The research community has paid extensive attention to delay propagation. The research on delay propagation can be traced back to the 1990s, when Boswell and Evans developed an analytical model to estimate the delays for successive flights and found that the downstream delay was approximately 1.8 times the initial delay ( 3 ). Beatty et al. defined the delay multiplier (DM) and analyzed the relationship between the potential downline delay and initial delay ( 4 ). Inspired by these reports, several recent studies have investigated the cascading effect of flight delays. Liu et al. established a flight delay propagation model based on Bayesian networks (BN), which showed evident propagation from arrival delays to departure delays ( 5 ). AhmadBeygi et al. introduced the quantitative tool for assessing the ramifications of an individual flight delay throughout the network ( 6 ). In addition, Laskey et al. applied BN in a stochastic model and identified the departure delay as the major factor driving the final arrival delay at the destination airport ( 7 ). Kondo created a new DM to assess the repercussion of the initial delay on all subsequent flights and adopted it to demonstrate how the reduction of the initial delay helped lead to a higher reduction in the propagated delays ( 8 ). Furthermore, Belkoura et al. ameliorated the DM by integrating linear and nonlinear indicators to differentiate various situations, revealing the relationship between the inbound and outbound delays ( 9 ).

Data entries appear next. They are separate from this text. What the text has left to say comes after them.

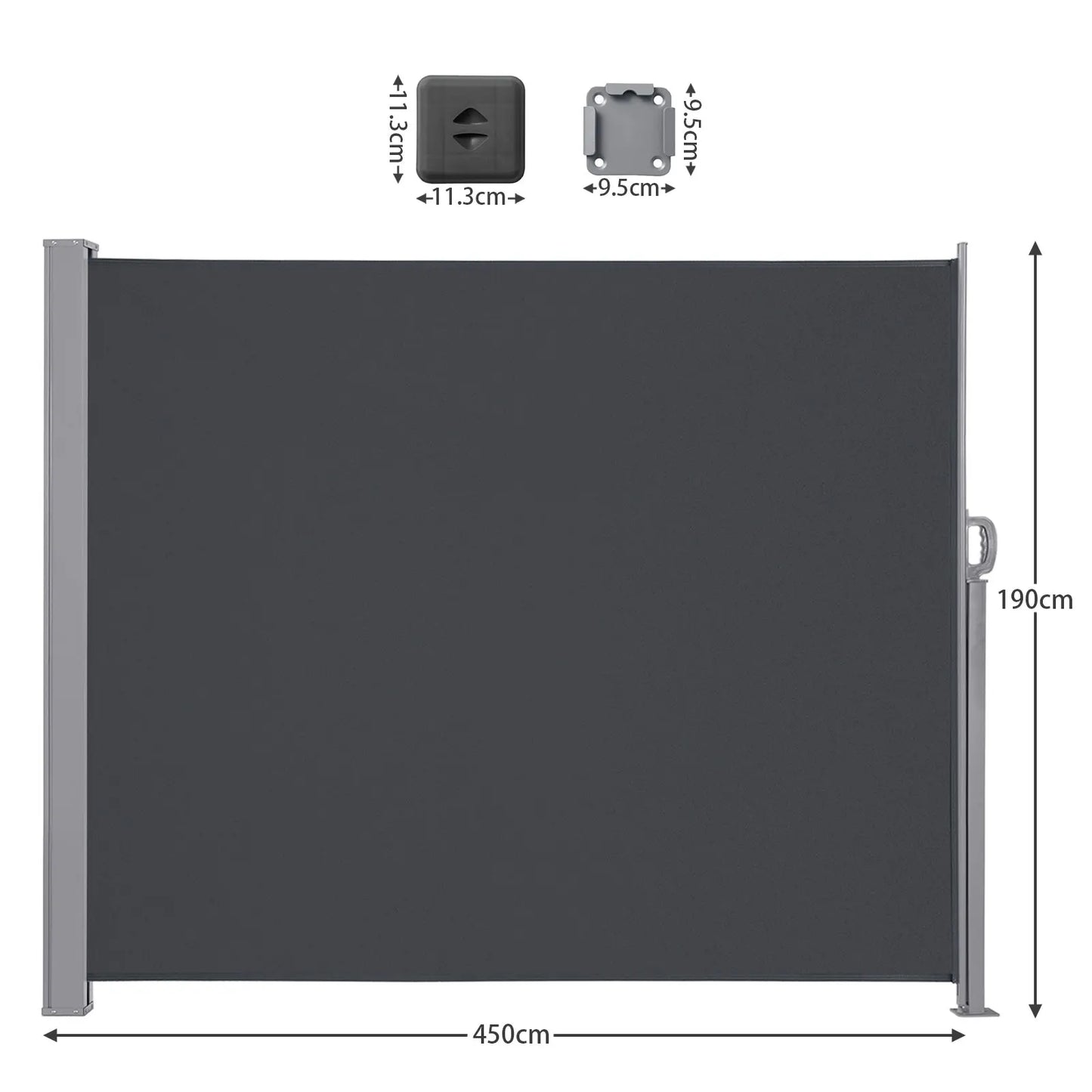 Uitschuifbaar Zijscherm – Balkonscherm – Windscherm – Privacy Scherm – Waterafstotend Doek – Robuust Metalen Frame - 190x450cm - Grijs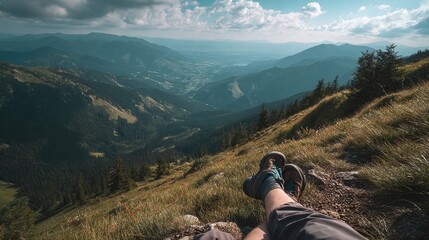 Fototapeta premium Scenic mountain view with a person relaxing on a grassy slope, surrounded by lush valleys and distant peaks
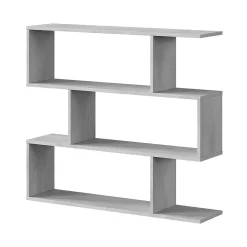 Bibliotheque Hampton, Bibliotheque basse double face, Etagere à trois compartiments, 110x24h97 cm, Gris béton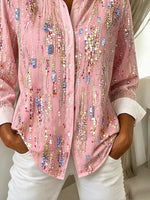 Shirt Collar Regular Long Sleeve Abstract Buckle Regular Loose Button Up Shirt For Women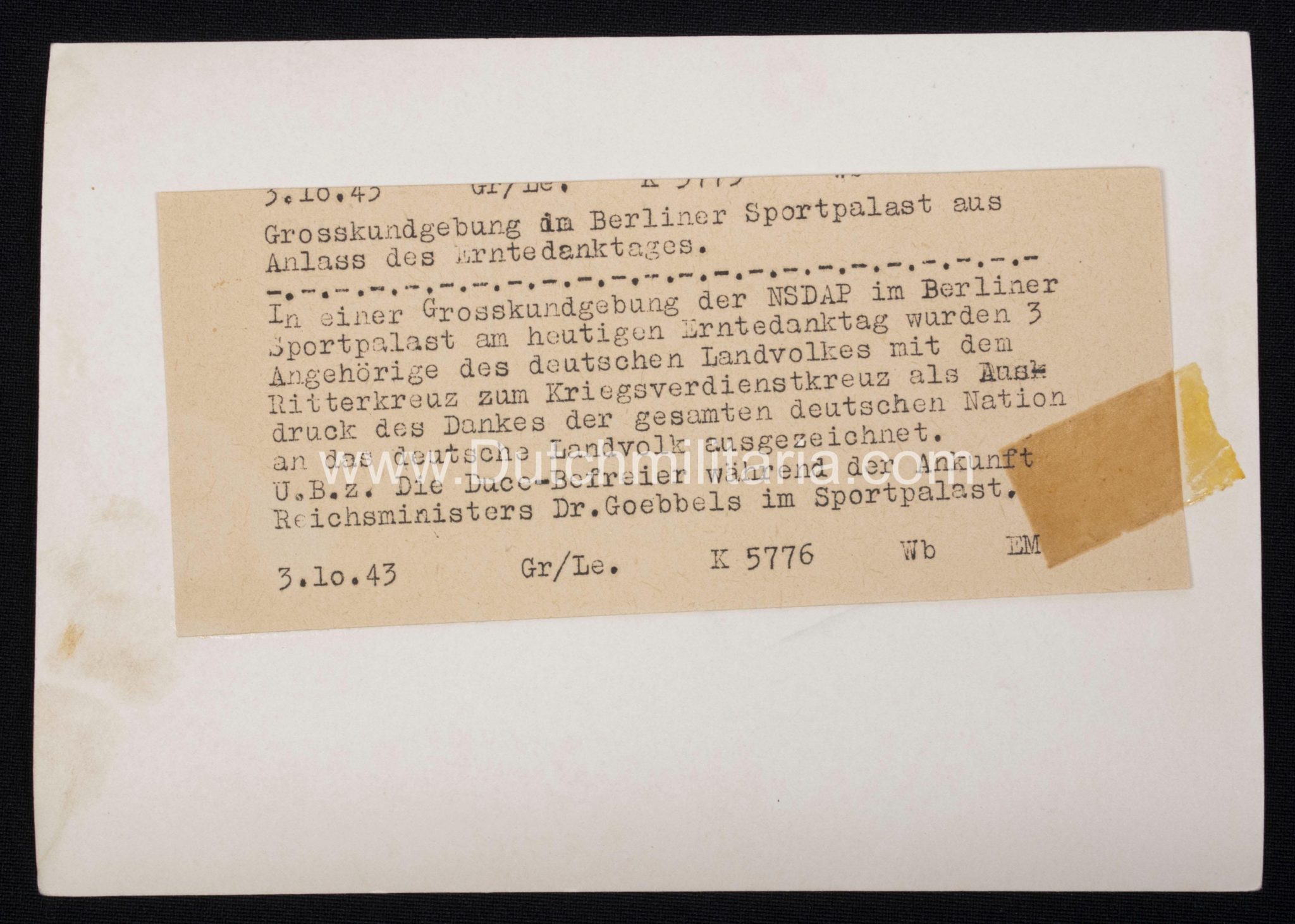 (Pressphoto) SS-men Uberreichung Ritterkreuz Erntedanktag 1943 (2)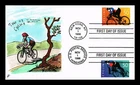 US COVER CYCLING 50C FDC COMBO DUAL CANCEL HAND COLORED INFO CACHET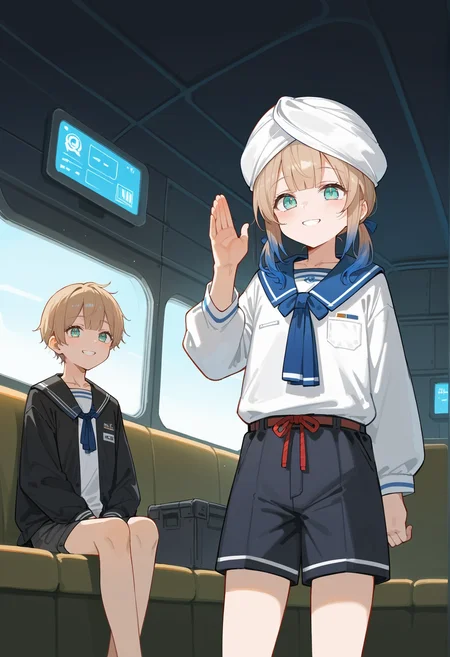 3boys, smile, salute, twins, indoors, spacecraft interior, multicolored hair, gradient hair, blonde hair, blue hair, blue eyes, androgynous, 1boy, short hair, low twintails, turban, serafuku, shorts, indoors, spacecraft interior, standing <lora:Nemo_XL:1>, score_9, score_8_up, score_7_up, score_6_up, score_5_up, score_4_up, BREAK source_anime, masterpiece
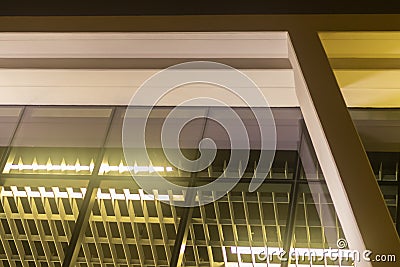 Abstract Shot Inside A Glass Modern Office At Night Stock Photo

Despite these previous efforts, gaps still remain in the understanding of the propagation effect in flight delays. The studies mentioned above can effectively model how an initial delay affects the subsequent entire-system delays. However, there are fewer studies by far proposing an index to clearly quantify the propagation effect among different airports. A proper index is hard to compute because detailed dynamics behind the diffusion of propagation are still difficult to characterize, in particular because of the overlap of connected sources, that is, aircraft, crew, passengers, buffers built into flight schedules, and so forth (10–12). In this study, the delay propagation index (PI) for a pair of airports is proposed from a new perspective. Transfer entropy is used to perform causality tests on the delay time series of two airports and then to explore the dynamics of delay propagation, revealing the combined effects of all the visible and latent factors that lead to delay propagation. The properties of delay propagation are further examined at the system level and an estimation model similar to the one described in ( 13 ) developed to demonstrate the effectiveness of the PI in the air transport system.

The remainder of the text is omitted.